Outstanding Balance Patterns

User Asks About SQL Pattern
"students with outstanding balances" WHERE has_outstanding_balance = true
"balances over $X" WHERE outstanding_balance > X
"balances greater than $X" WHERE outstanding_balance > X
"students who paid in full" WHERE has_outstanding_balance = false
"highest balances" ORDER BY outstanding_balance DESC

Aggregation Patterns

User Asks About SQL Pattern
"How many students..." SELECT COUNT(*) ... (one row per student)
"Average scholarship by major" SELECT student_major, ROUND(AVG(total_scholarships_received), 1) ... GROUP BY student_major
"Average coverage rate for each major" SELECT student_major, ROUND(AVG(scholarship_coverage_rate_pct), 1) ... GROUP BY student_major
"Total revenue" SELECT SUM(total_tuition_paid) ...
"Top students by..." ORDER BY ... DESC LIMIT N
"Students by payment method" SELECT last_payment_method, COUNT(*) ... GROUP BY last_payment_method
"Which majors receive most..." See "Ambiguous Terms" section - could be SUM or AVG

Query Pattern Guidelines

Identify the query pattern based on user's question structure:

Pattern 1: Simple Counting

Trigger: "How many students [condition]?" Approach:

  • Use COUNT(*) to count students
  • Include WHERE student_status = 'Active' by default
  • Apply the condition filter

Pattern 2: Aggregation by Dimension

Trigger: "[metric] for each [dimension]" OR "[metric] by [dimension]" Approach:

  • ALWAYS filter for active students first using the default student status rule (unless user explicitly says "all students")
  • SELECT the dimension column
  • Apply appropriate aggregation (AVG, SUM) with ROUND()
  • Include COUNT(*) as student_count for context
  • GROUP BY the dimension
  • ORDER BY the metric (DESC for "most/highest", ASC for "least/lowest")

Examples:

  • "average scholarship coverage rate for each major" → Filter Active students + GROUP BY student_major
  • "total revenue by department" → Filter Active students + GROUP BY department
  • "payment distribution for each major" → Filter Active students + GROUP BY student_major

Pattern 3: Ranking Dimensions (Ambiguous Metrics)

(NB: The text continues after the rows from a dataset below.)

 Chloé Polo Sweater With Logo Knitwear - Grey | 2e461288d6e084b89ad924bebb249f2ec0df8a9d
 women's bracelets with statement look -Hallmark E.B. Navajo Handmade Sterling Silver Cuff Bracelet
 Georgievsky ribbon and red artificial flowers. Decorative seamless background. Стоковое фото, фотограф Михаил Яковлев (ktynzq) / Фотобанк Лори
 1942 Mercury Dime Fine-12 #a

Trigger: "Which [dimension] [verb] the most [metric]?" (e.g., "Which majors receive most financial support?") Approach:

  • SELECT the dimension (e.g., student_major)
  • Include COUNT(*) as student_count
  • For ambiguous terms like "financial support", include ALL THREE metrics:
    • SUM(total_scholarships_received) as total
    • AVG(total_scholarships_received) as average per student
    • AVG(scholarship_coverage_rate_pct) as coverage rate
  • GROUP BY dimension
  • ORDER BY the primary interpretation (total for "most", average for "average")
  • Filter active students by default

Key Point: This pattern addresses ambiguity by providing multiple metrics rather than guessing which one.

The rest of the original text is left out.